- [What the exercise asks] Could you transcribe the records below exactly, leaving out every picture?

- [Material to process]
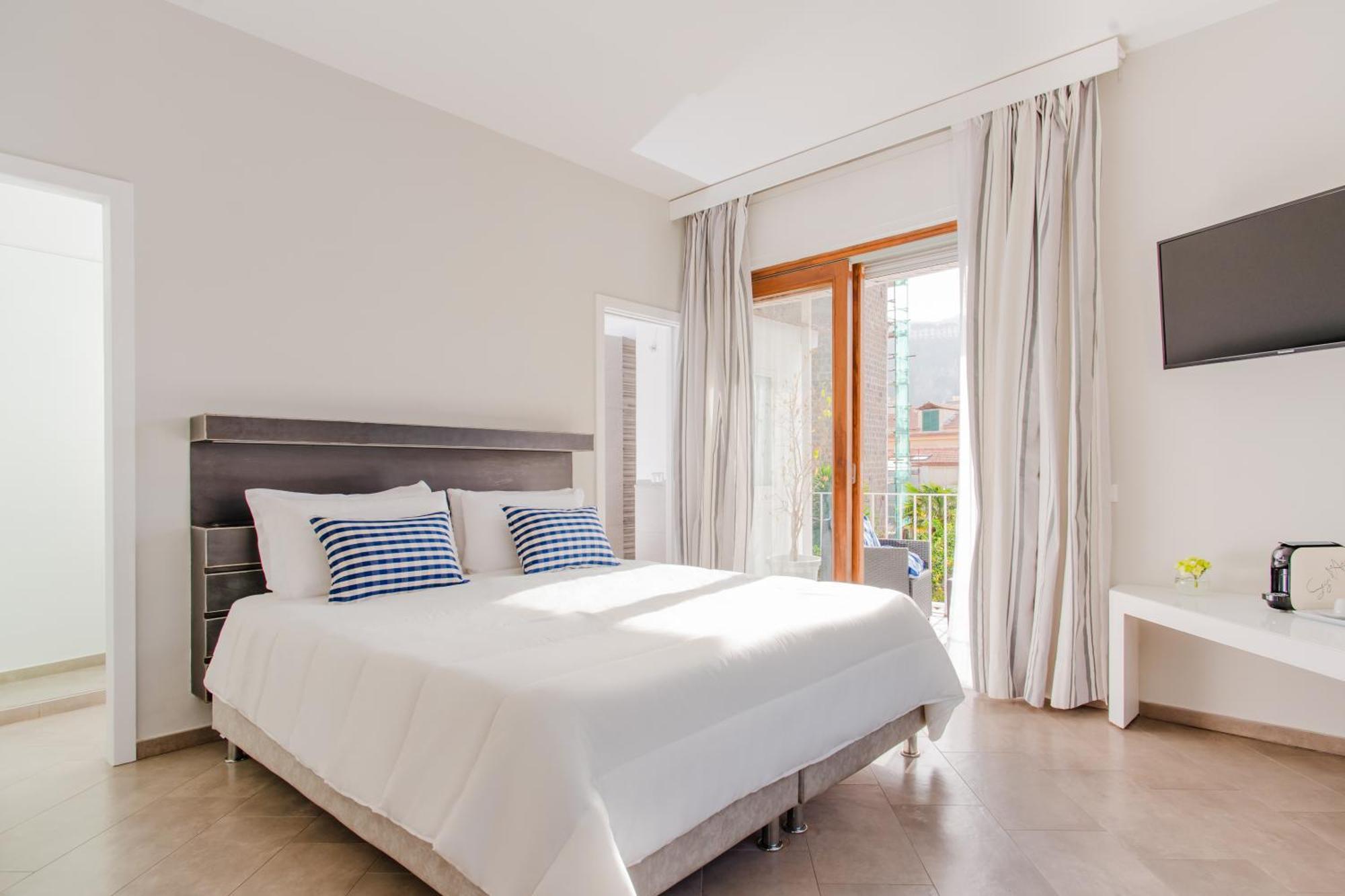 Palazzo Gargiulo Luxury Rooms & Suites ซอร์เรนโต ภายนอก รูปภาพ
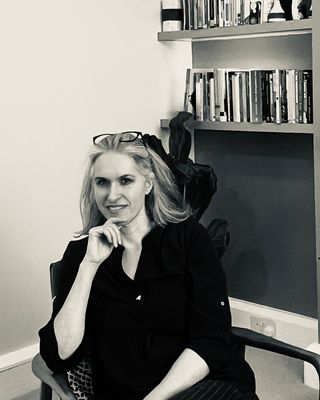 Photo of Sarah Jones, Psychotherapist, BPC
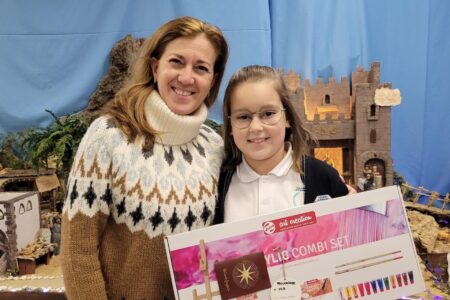 Micaela Herráiz del Colegio La Purísima, premiada por su tarjeta de Navidad en un certamen provincial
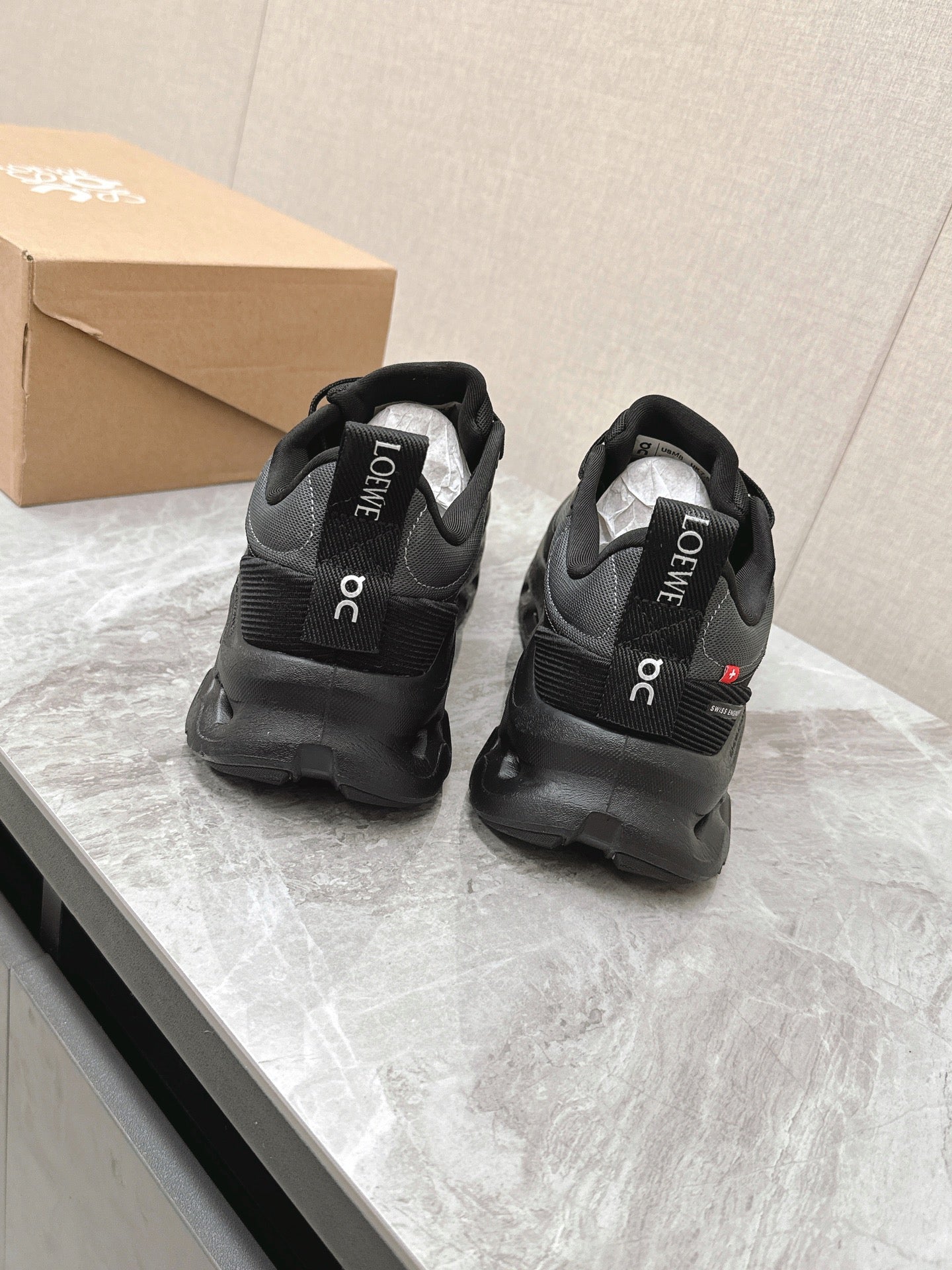 RUN SNEAKER IN BLACK SUEDE AND MESH FABRIC、mysite、Cacoeks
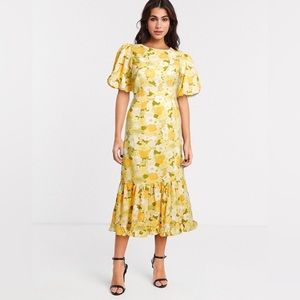 NWOT ASOS DESIGN puff sleeve maxi dress with pephem in 70s floral size 4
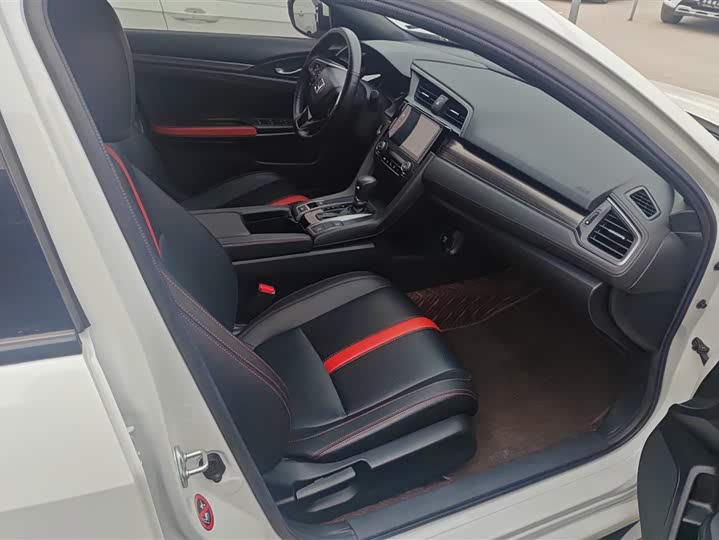 Фото 8 - Honda Civic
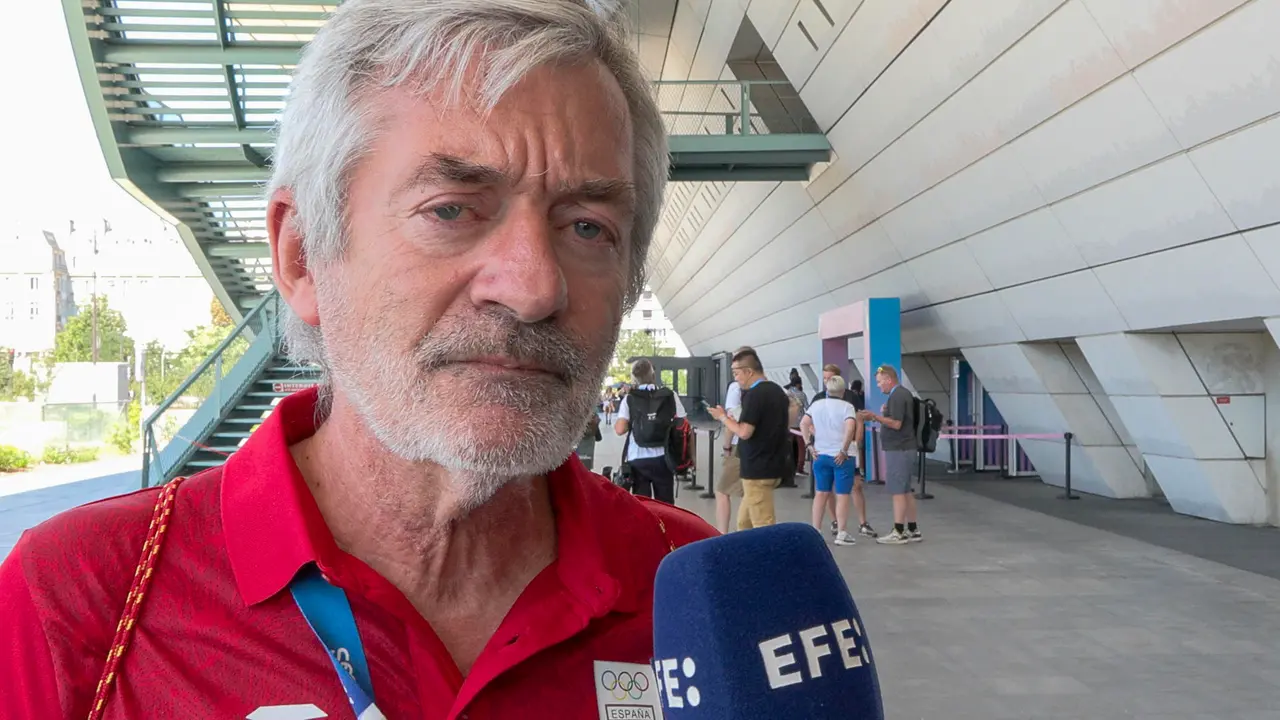 Fernando Carpena, presidente de RFEN Aquatics, diseccion&oacute; este domingo con EFE la participaci&oacute;n de sus deportistas en los JJOO Par&iacute;s 2024. EFE/Enrique del Viso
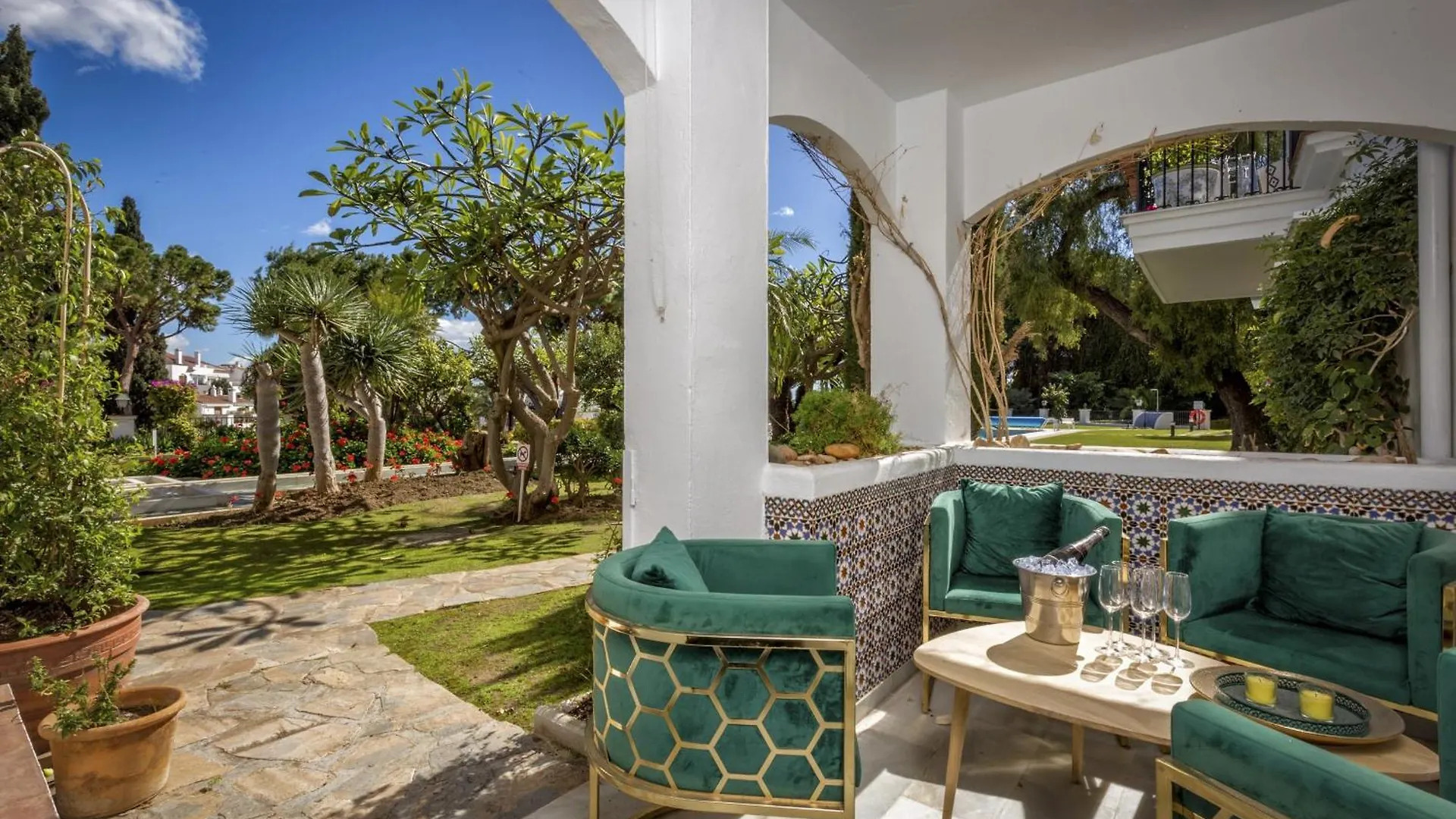 Vivi Homes - Casa Nobu Pool, Garden, Patio & Beach Marbella Apartment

- [Solution for this problem]
 Palazzo Gargiulo Luxury Rooms & Suites ซอร์เรนโต ภายนอก รูปภาพ
 Photo of Sarah Jones, Psychotherapist, BPC
 Micaela Herráiz del Colegio La Purísima, premiada por su tarjeta de Navidad en un certamen provincial
 RUN SNEAKER IN BLACK SUEDE AND MESH FABRIC、mysite、Cacoeks
 NWOT ASOS DESIGN puff sleeve maxi dress with pephem in 70s floral size 4
 Фото 8 - Honda Civic
 Fernando Carpena, presidente de RFEN Aquatics, diseccion&oacute; este domingo con EFE la participaci&oacute;n de sus deportistas en los JJOO Par&iacute;s 2024. EFE/Enrique del Viso
 Vivi Homes - Casa Nobu Pool, Garden, Patio & Beach Marbella Apartment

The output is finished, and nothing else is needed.